▶ [Exercise]
Copy nothing past the line containing "There are two". Transcribe every line of the listing below up to and including it, from the first, except pictures.

START Records provided

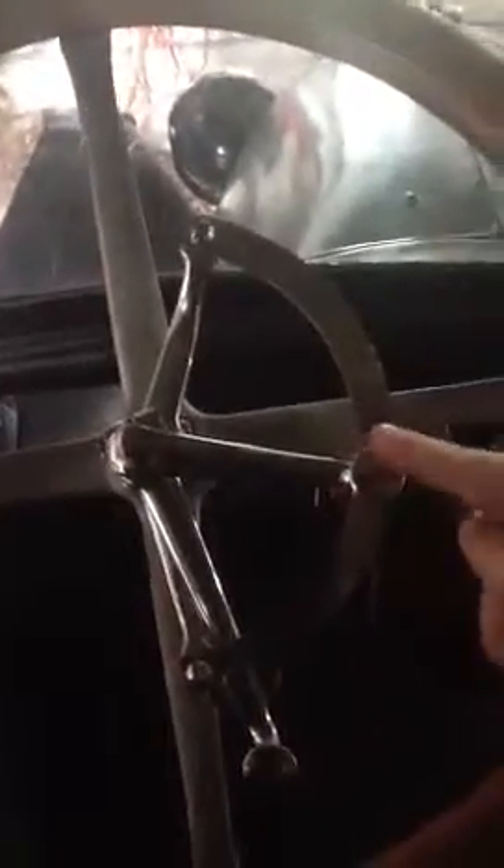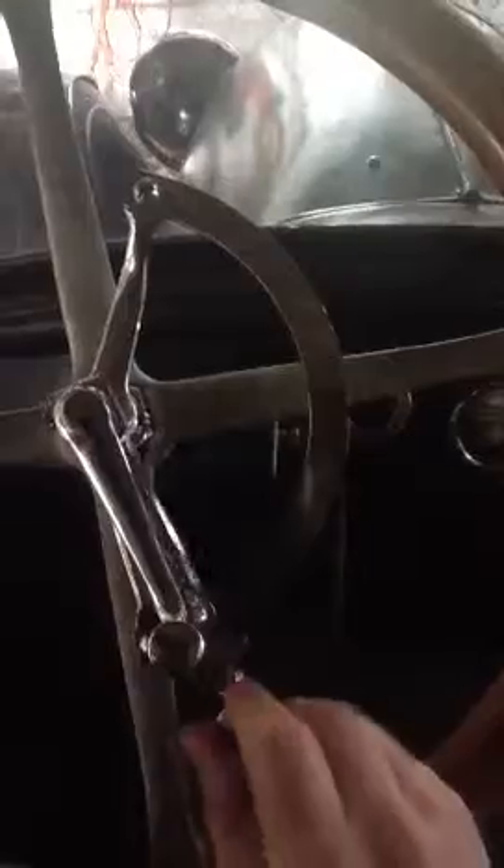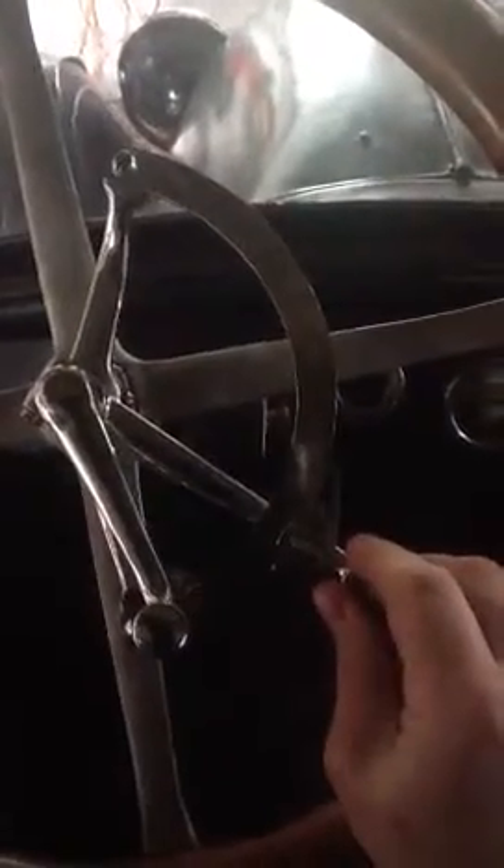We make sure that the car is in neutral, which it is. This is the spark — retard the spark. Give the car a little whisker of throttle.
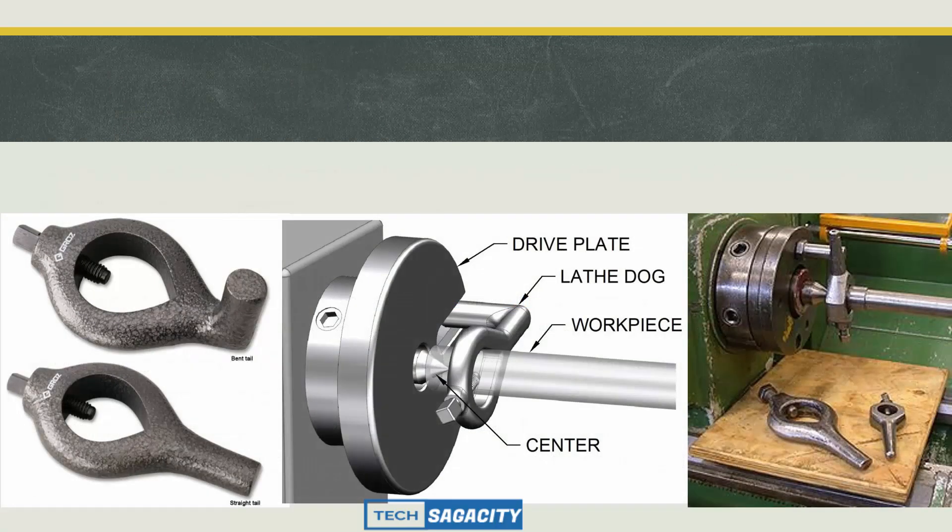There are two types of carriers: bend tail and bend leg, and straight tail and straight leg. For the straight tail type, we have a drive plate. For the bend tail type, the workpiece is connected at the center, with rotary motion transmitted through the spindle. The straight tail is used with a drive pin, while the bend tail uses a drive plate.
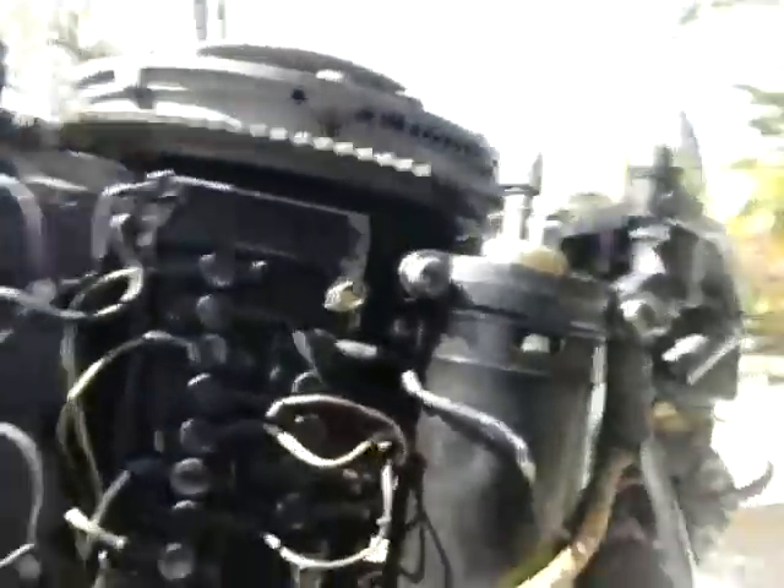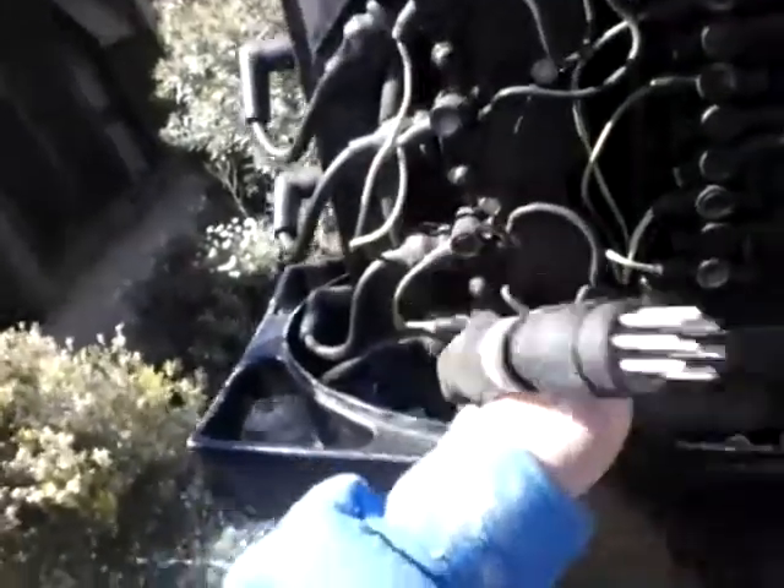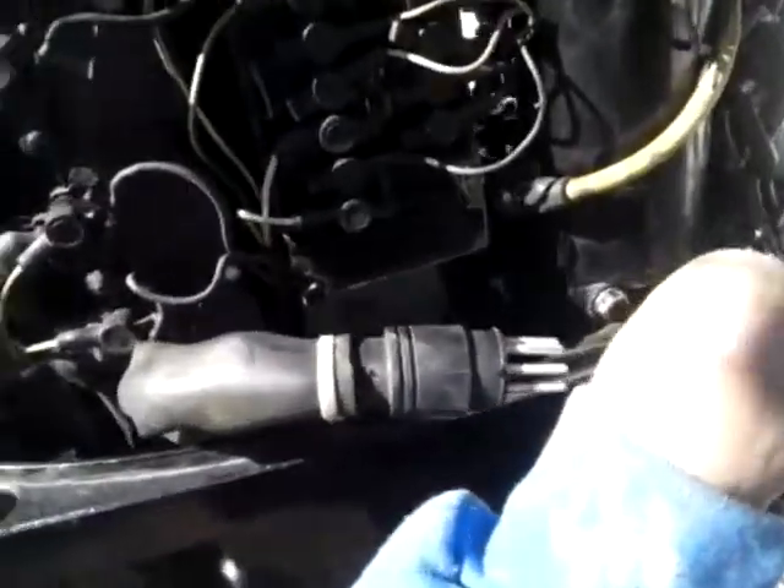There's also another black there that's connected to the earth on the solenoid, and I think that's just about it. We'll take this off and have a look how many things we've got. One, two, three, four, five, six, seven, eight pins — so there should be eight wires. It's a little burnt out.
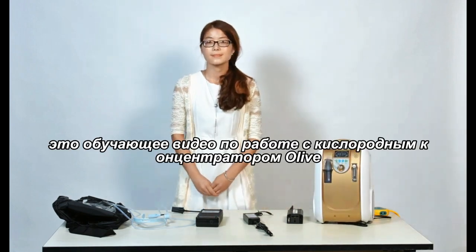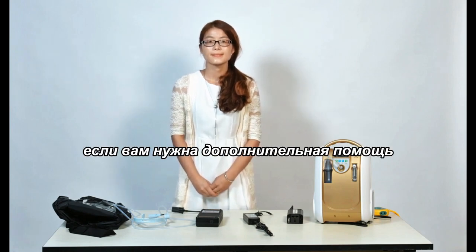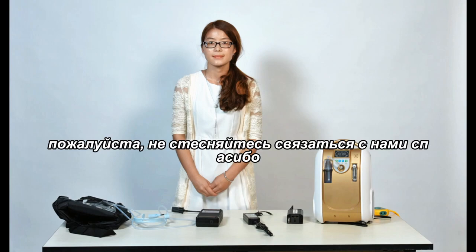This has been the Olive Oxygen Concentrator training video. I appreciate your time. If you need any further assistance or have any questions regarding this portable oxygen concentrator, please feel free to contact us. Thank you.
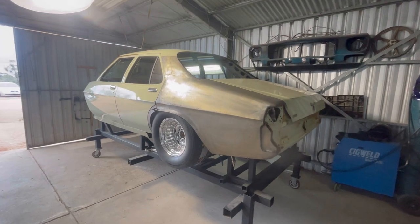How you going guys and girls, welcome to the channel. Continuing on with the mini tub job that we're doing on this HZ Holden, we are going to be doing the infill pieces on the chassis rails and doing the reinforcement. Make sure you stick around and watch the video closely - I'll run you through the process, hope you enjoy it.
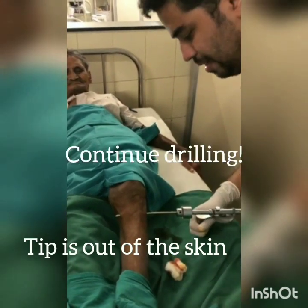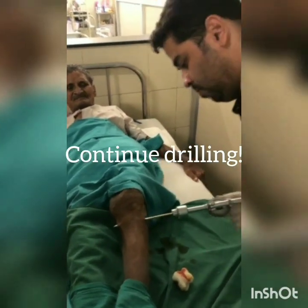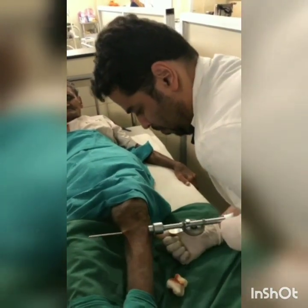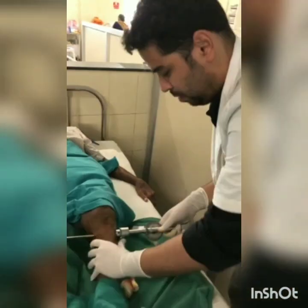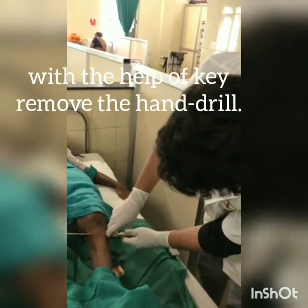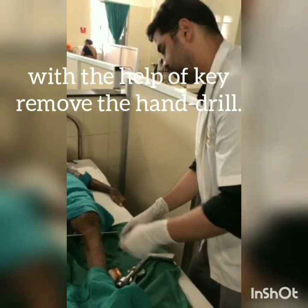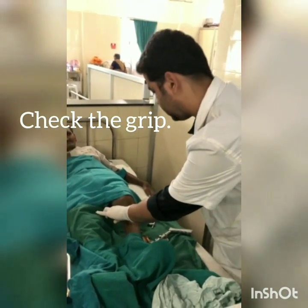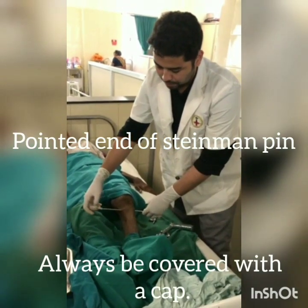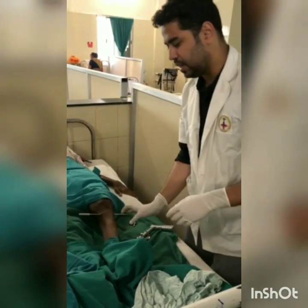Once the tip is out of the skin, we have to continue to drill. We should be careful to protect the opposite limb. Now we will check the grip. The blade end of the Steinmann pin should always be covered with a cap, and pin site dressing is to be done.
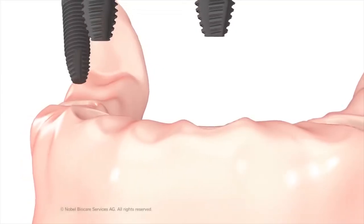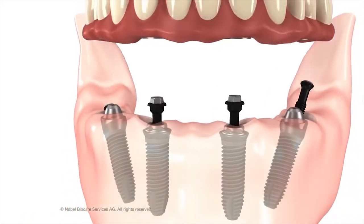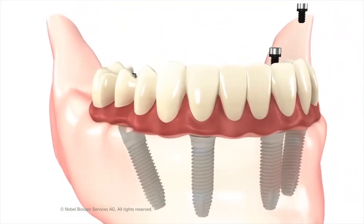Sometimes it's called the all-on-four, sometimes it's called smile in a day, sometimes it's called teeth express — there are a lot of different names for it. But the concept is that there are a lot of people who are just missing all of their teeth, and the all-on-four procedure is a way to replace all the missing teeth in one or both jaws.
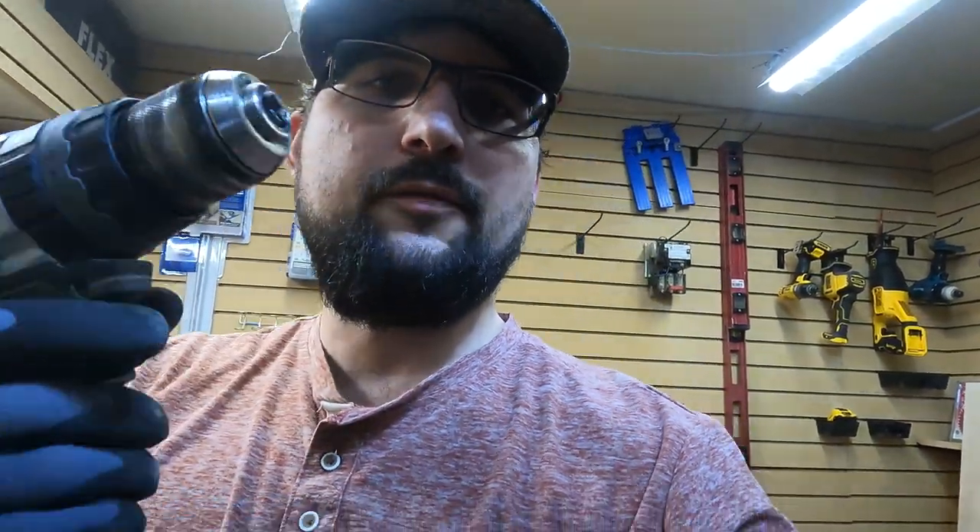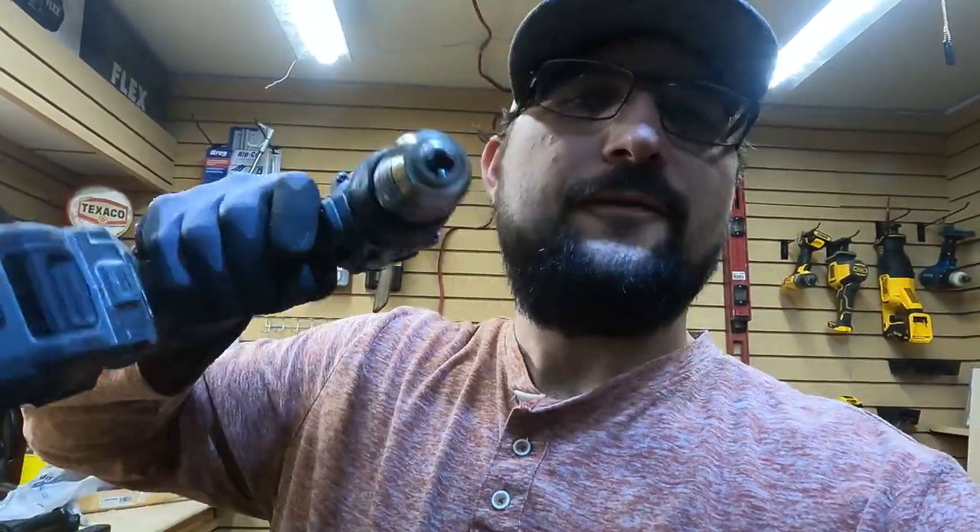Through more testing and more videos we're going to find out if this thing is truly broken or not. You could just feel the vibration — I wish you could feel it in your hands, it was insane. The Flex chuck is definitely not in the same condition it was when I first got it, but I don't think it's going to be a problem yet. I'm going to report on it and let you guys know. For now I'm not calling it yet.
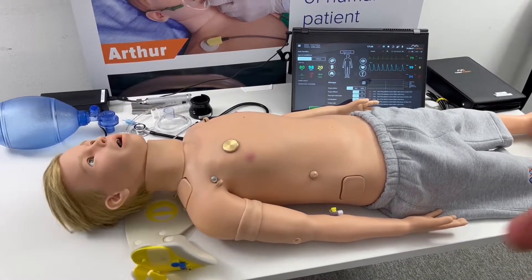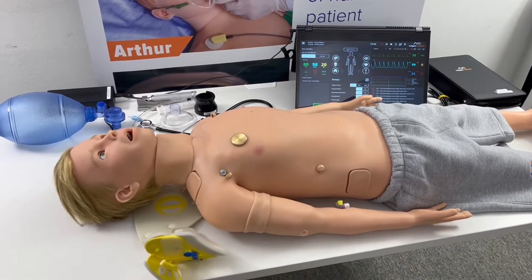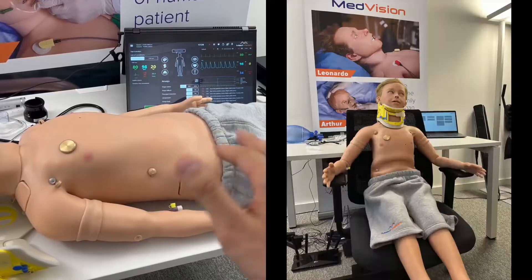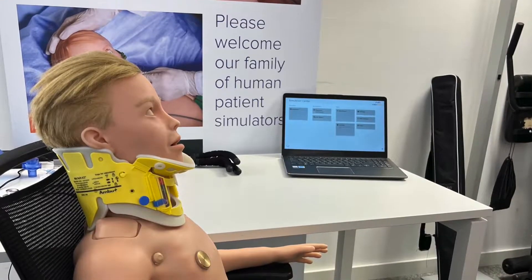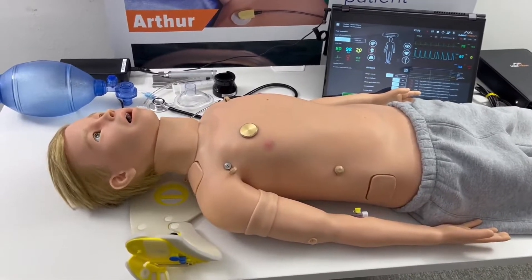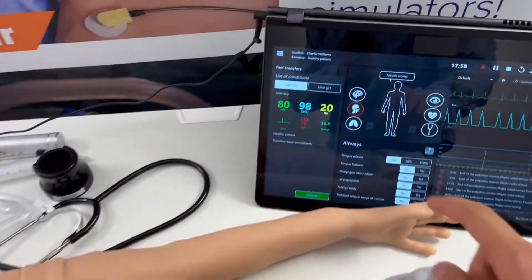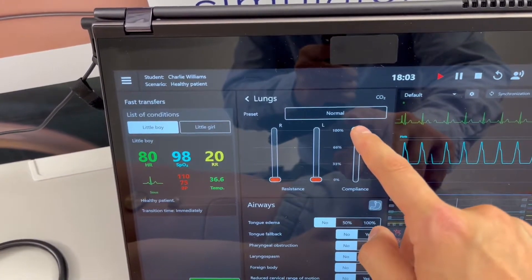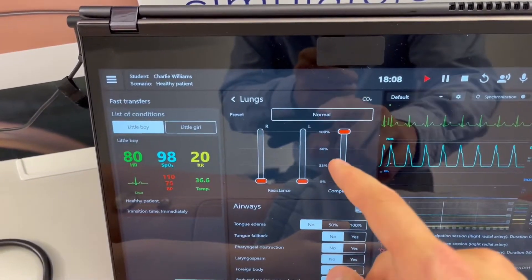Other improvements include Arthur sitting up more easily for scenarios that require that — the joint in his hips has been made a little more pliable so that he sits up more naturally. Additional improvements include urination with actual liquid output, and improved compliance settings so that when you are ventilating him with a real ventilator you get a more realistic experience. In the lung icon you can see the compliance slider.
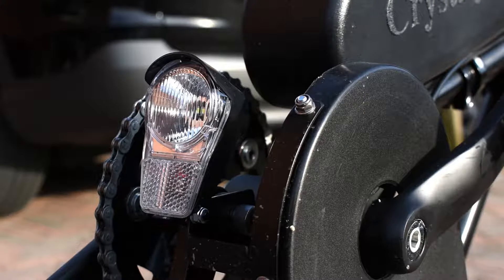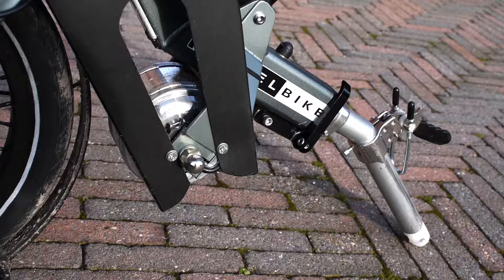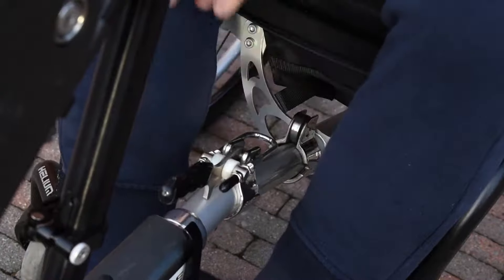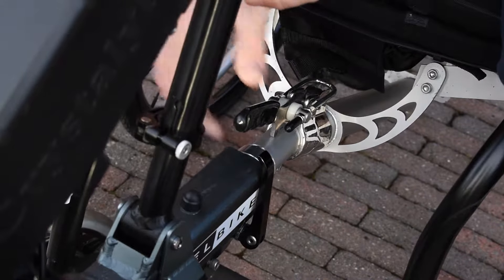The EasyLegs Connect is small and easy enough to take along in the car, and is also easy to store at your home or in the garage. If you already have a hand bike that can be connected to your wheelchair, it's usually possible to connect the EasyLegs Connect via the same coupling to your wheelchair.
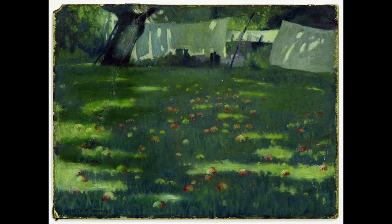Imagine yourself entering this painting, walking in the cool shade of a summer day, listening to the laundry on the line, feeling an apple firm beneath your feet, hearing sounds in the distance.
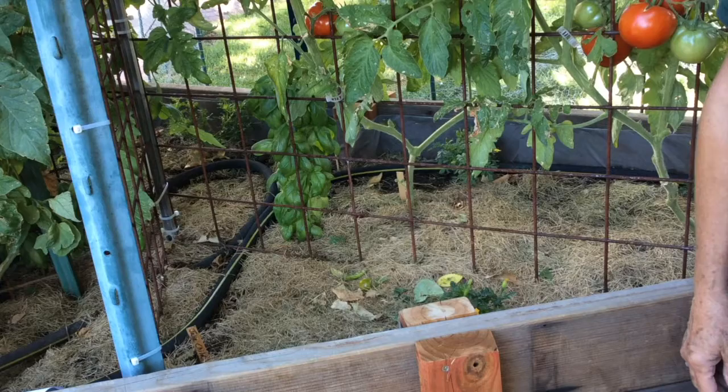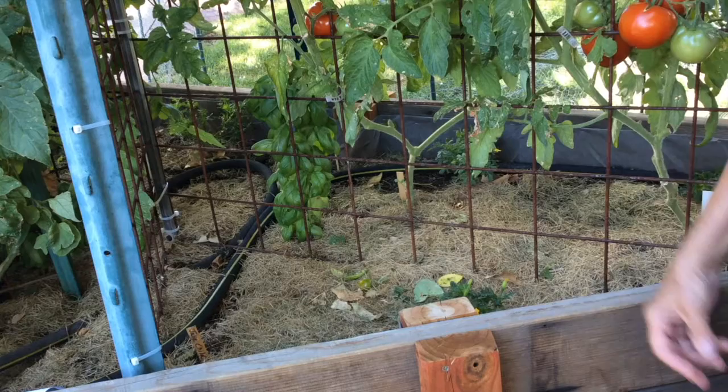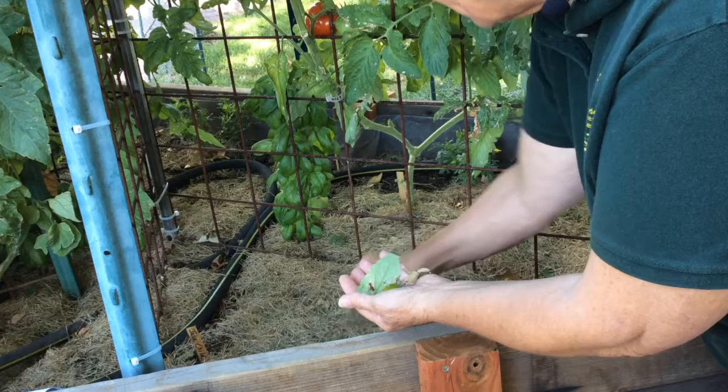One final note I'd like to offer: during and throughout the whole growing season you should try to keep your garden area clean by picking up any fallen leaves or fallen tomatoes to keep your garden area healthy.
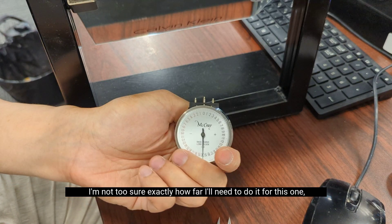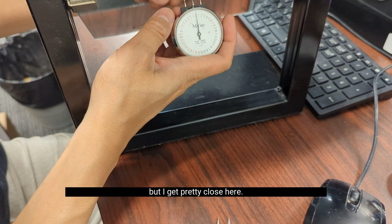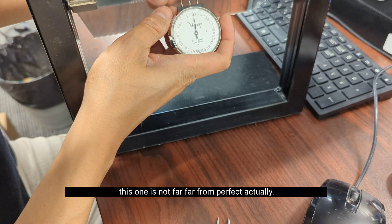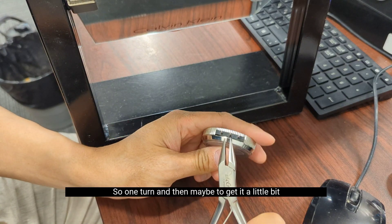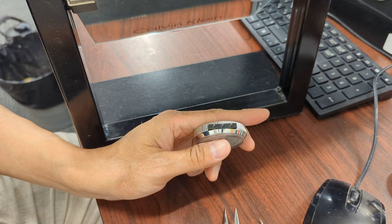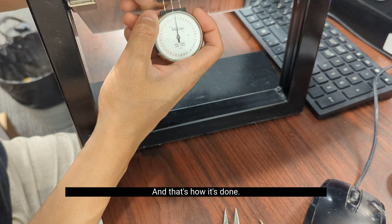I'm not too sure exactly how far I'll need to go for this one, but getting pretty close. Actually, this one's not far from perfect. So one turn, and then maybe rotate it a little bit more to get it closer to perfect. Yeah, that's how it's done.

END Records provided

▶ [Your solution]
We make sure that the car is in neutral, which it is. This is the spark — retard the spark. Give the car a little whisker of throttle.
There are two types of carriers: bend tail and bend leg, and straight tail and straight leg. For the straight tail type, we have a drive plate. For the bend tail type, the workpiece is connected at the center, with rotary motion transmitted through the spindle. The straight tail is used with a drive pin, while the bend tail uses a drive plate.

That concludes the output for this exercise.